Oral preparations contraindicated in patients with acute MI with radiographically documented pulmonary congestion.
IV diltiazem contraindicated in patients with cardiogenic shock.
IV diltiazem contraindicated in patients with VT.
IV diltiazem contraindicated in patients with atrial flutter or fibrillation with an accessory pathway (e.g., those with Wolff-Parkinson-White or Lown-Ganong-Levine syndrome).
IV diltiazem contraindicated if concurrent or recent (e.g., within a few hours) administration of IV β-adrenergic blockers.

Warnings/Precautions

Warnings

Cardiac Conduction

Potential for abnormally slow heart rate (particularly in patients with sick sinus syndrome) or second- or third-degree AV block.

Additive effects on cardiac conduction (e.g., prolonging AV node conduction) possible with concomitant use of diltiazem with β-adrenergic blocking agents or digoxin.
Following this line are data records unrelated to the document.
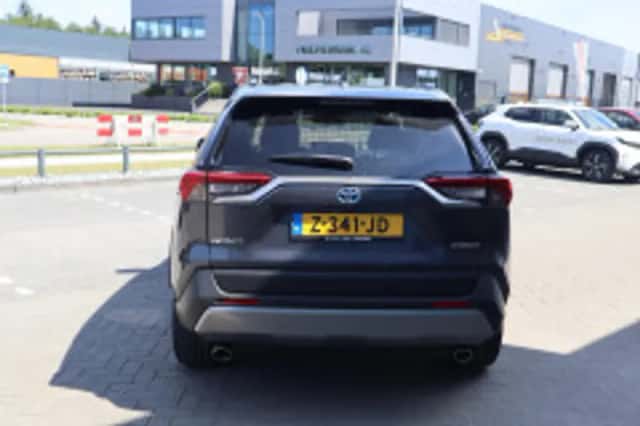 Toyota RAV4 (2024) thumbnail 4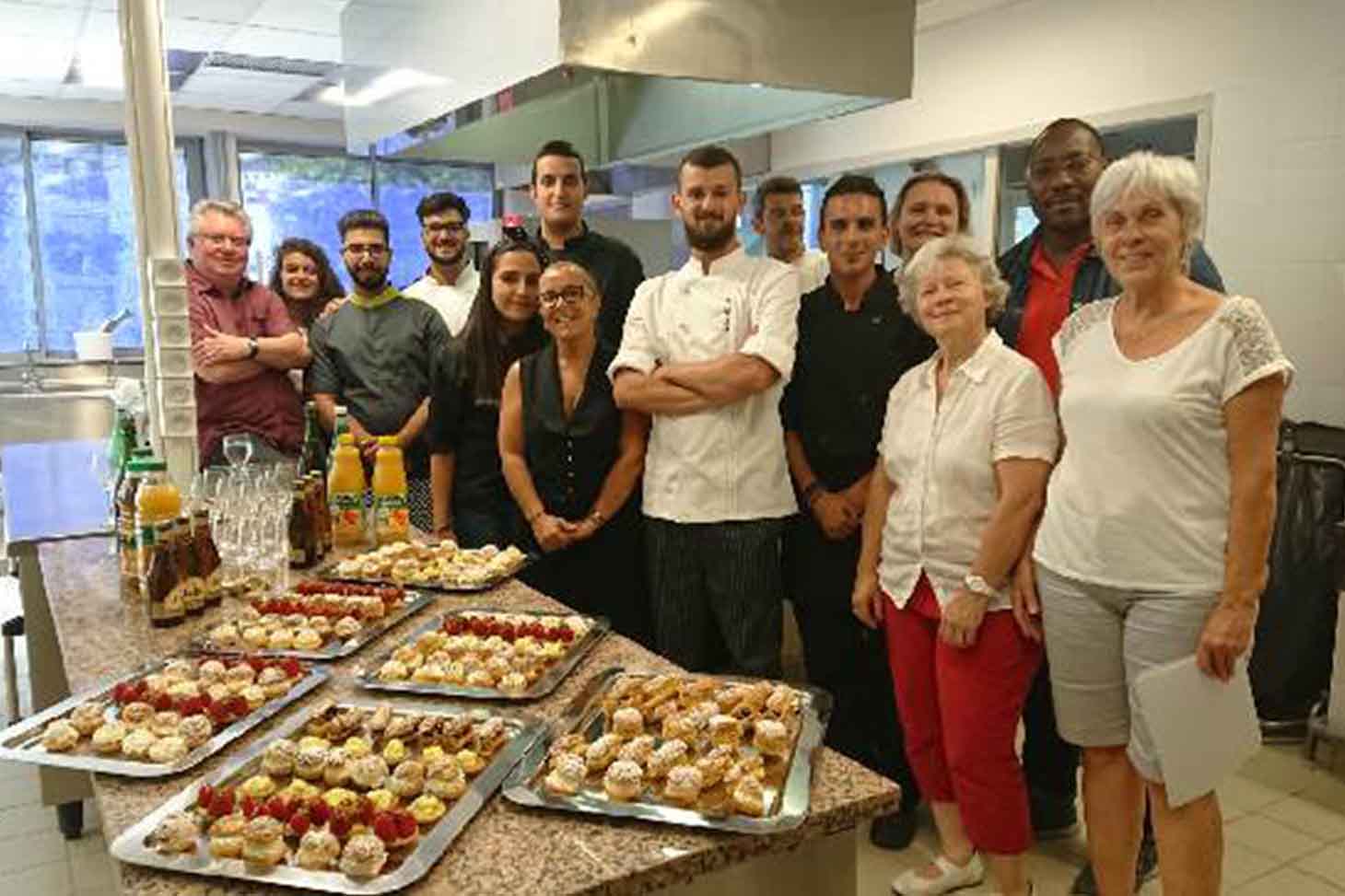 Le repas à table, une spécialité française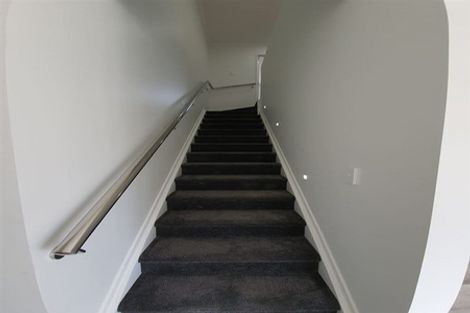 Photo of property in 11 Warbler Crescent, Papakura, 2110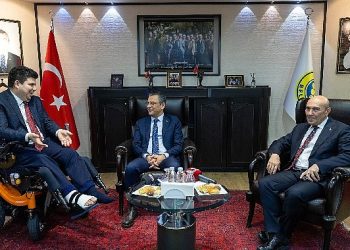 CHP Başkanı Özel, Buca Belediye Lideri Erhan Kılıç’ı ziyaret etti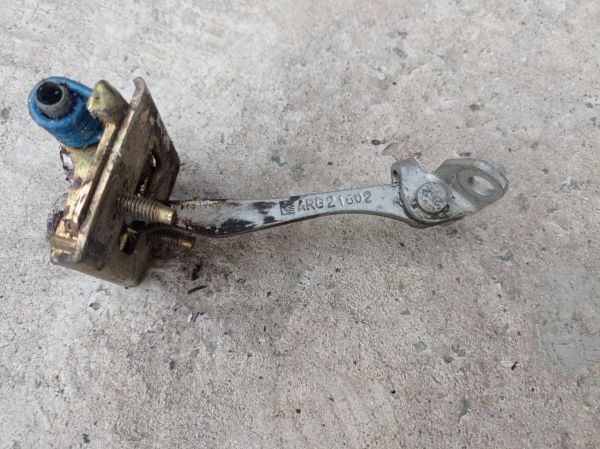 Ограничитель двери задней правой Citroen C5 2.0 16V 2001 - 2004 г.в., универсал, x4ard62517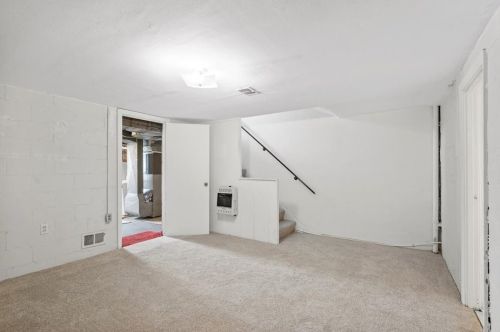 60 Chapel Dr, Pittsburgh PA  15237-2518 exterior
If high-degree AV block occurs in patients with sinus rhythm receiving IV diltiazem, discontinue the drug and institute appropriate supportive measures.

Heart Failure

Risk of heart failure, especially in those with preexisting ventricular impairment; limited experience in patients with impaired ventricular function receiving concomitant β-adrenergic blocking agents. Use with caution.

Hypotension

Possible symptomatic hypotension.

Acute Hepatic Injury

Substantial elevations in hepatic function test results (e.g., serum AST [SGOT], ALT [SGPT], LDH, alkaline phosphatase) and phenomena associated with hepatocellular injury rarely reported. Usually occurs early in therapy (e.g., 1–8 weeks); reversible upon discontinuation of therapy.
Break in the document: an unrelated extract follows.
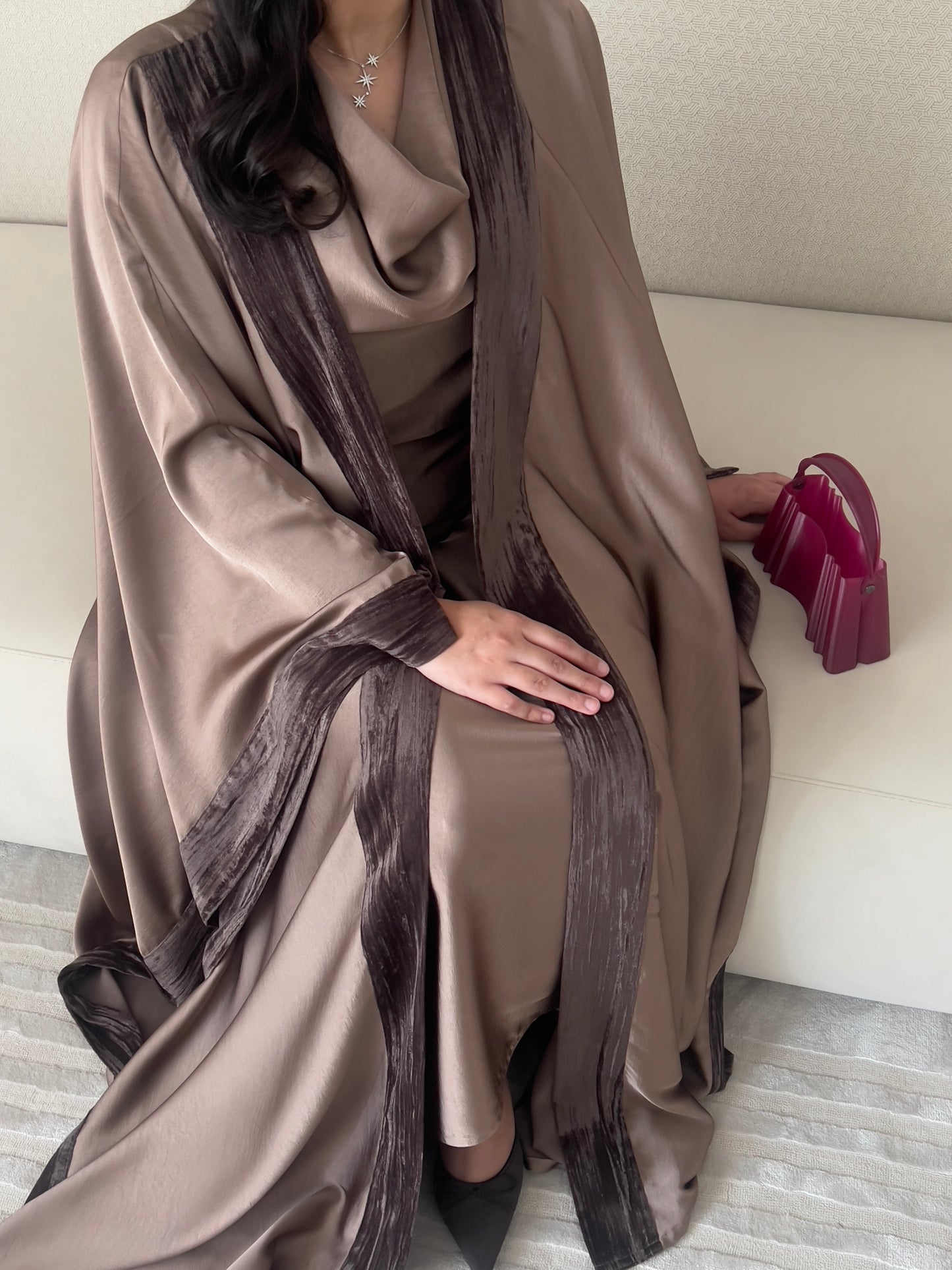 DN201 - SILK ABAYA SET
Ventricular Premature Beats

With IV administration, possible transient VPB on conversion of PSVT to sinus rhythm; appear to be benign and of little clinical importance.

Sensitivity Reactions

Possible diltiazem-induced skin eruptions with oral preparations; may infrequently progress to severe dermatologic reactions (e.g., erythema multiforme, exfoliative dermatitis). If effects persist during therapy, the drug should be discontinued. Potential for occurrence with IV administration.

Specific Populations

Pregnancy

Category C.

Lactation

Distributed into milk; discontinue nursing.

Pediatric Use

Safety and efficacy not established.

Geriatric Use

Insufficient experience in patients ≥65 years of age to determine whether geriatric patients respond differently than younger adults. Select dosage with caution because of age-related decreases in hepatic, renal, and/or cardiac function and potential for concomitant disease and drug therapy.

Hepatic Impairment

Use with caution.

Renal Impairment

Use with caution.

Common Adverse Effects

With oral therapy, edema, headache, dizziness, asthenia, first-degree AV block.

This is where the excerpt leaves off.